We see a lot of shortening services around and there are many free tools that will help you create one on your domain.
The logic is simple, there is a database, there is a long url and an associated short url. When someone access the short url, the long url is fetched from the database and the user is redirected.
If you are on WordPress you wont need any of those. Inherently, every post can be queried from the database using its post ID. For instance, this link and this link point to the same post.
Your short urls for all your WordPress post will be in the following format:
yourdomain.com/?p=POST_ID
To find the POST_ID of a post, just go to your Posts > Edit Page in WordPress Admin and hover over the title of the post and check the link on the status bar.
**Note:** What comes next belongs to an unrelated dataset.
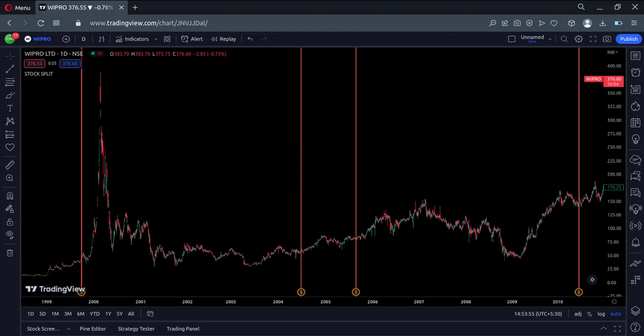That's how you can find the stock splits in the TradingView Pine Script. Thank you.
The last number that you see is the POST_ID of the corresponding post. See the image:

Now with this knowledge you could create your own Retweet Button’s and use the link in Twitter






8 Comments
Oops.. I thought something really shorter than that is what you are talking about
I wrote this as a reply to a discussion I saw on Facebook, didn’t think that there would be people who didn’t even knew this
Whoa… Those are eastsheen cubes, am I right?
I personally use Meta refresh for redirection
yeap, eastsheen cubes, from ebay
I never thought about this mate. Now i can use my domain’s short URL in tweets. Thanks for sharing this tip mate.
This is not a good feature
.
I knew this , but you know , every time i delete that specific post , and create new one
by the way , i thought free short url like domain.com/abcd
you get different url . The order is not maintained
For those who are disappointed with the solution,
http://kovshenin.com/wordpress/plugins/twitter-friendly-links/
Nice & Easy!
Good post, Arun.
Even better is the self-clicked photo.